* DIRECTIONS
Retype the data below exactly; skip every image.

* INFORMATION PROVIDED
===============

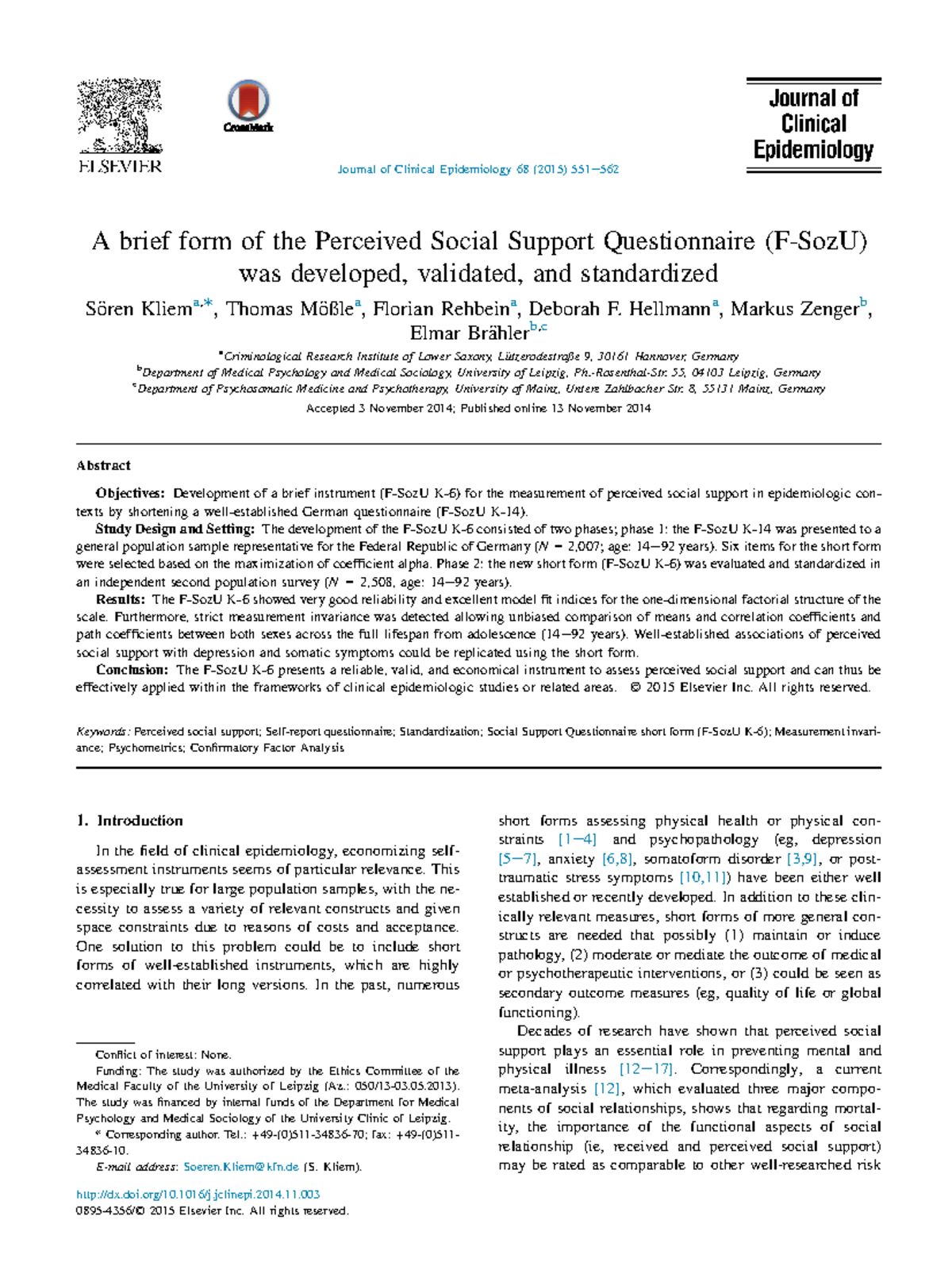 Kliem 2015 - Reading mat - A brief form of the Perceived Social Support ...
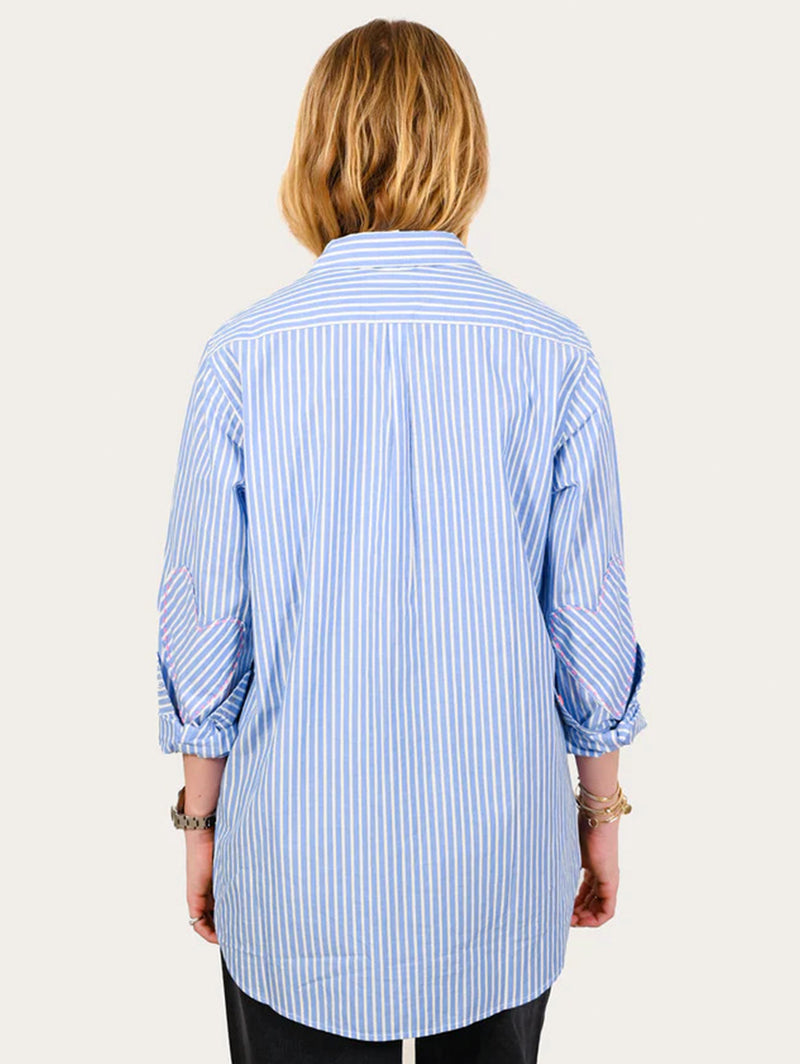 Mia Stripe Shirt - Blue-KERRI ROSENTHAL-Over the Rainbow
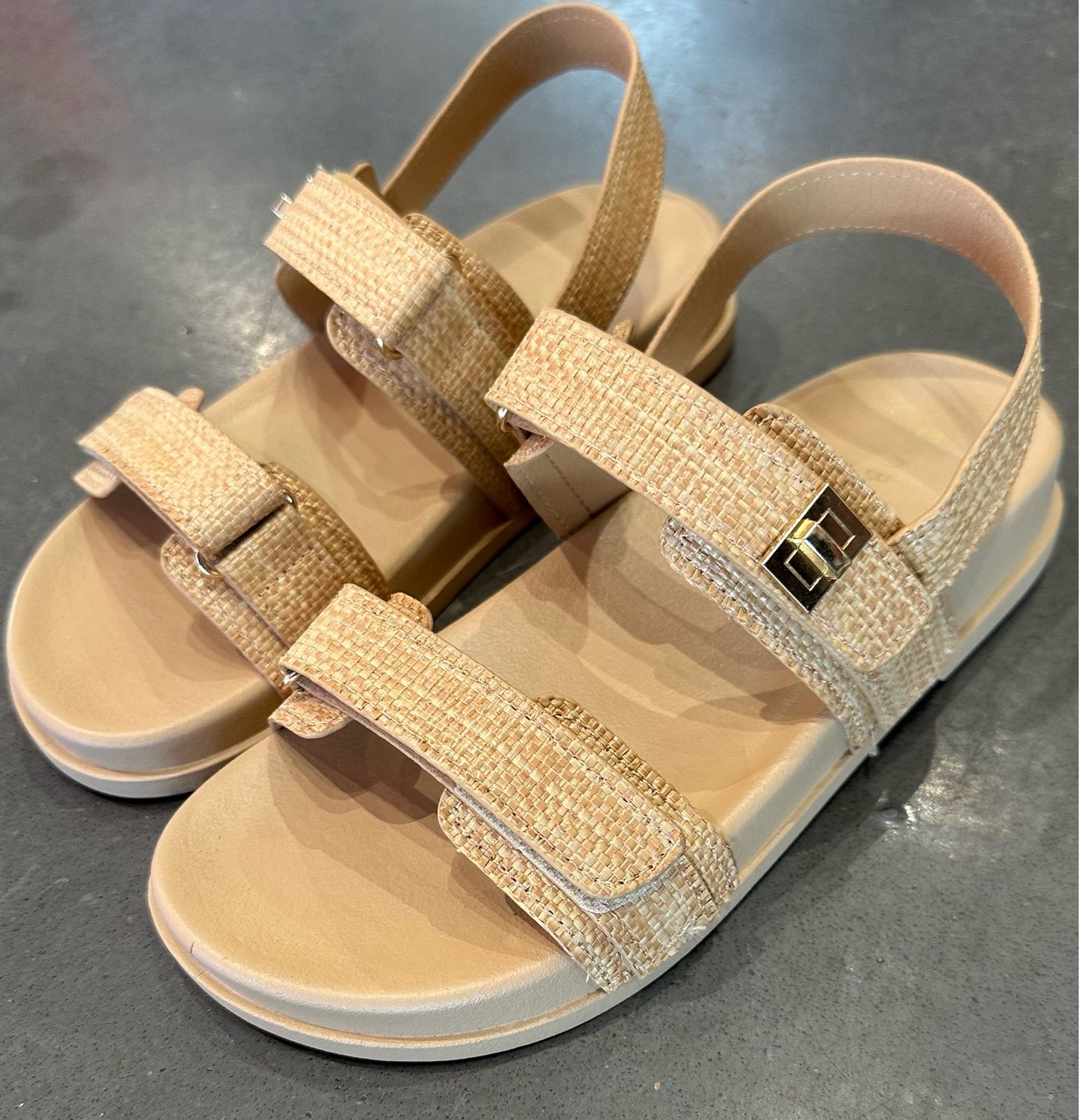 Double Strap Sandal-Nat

===============

* FINISHED EXERCISE
 Kliem 2015 - Reading mat - A brief form of the Perceived Social Support ...
 Mia Stripe Shirt - Blue-KERRI ROSENTHAL-Over the Rainbow
 Double Strap Sandal-Nat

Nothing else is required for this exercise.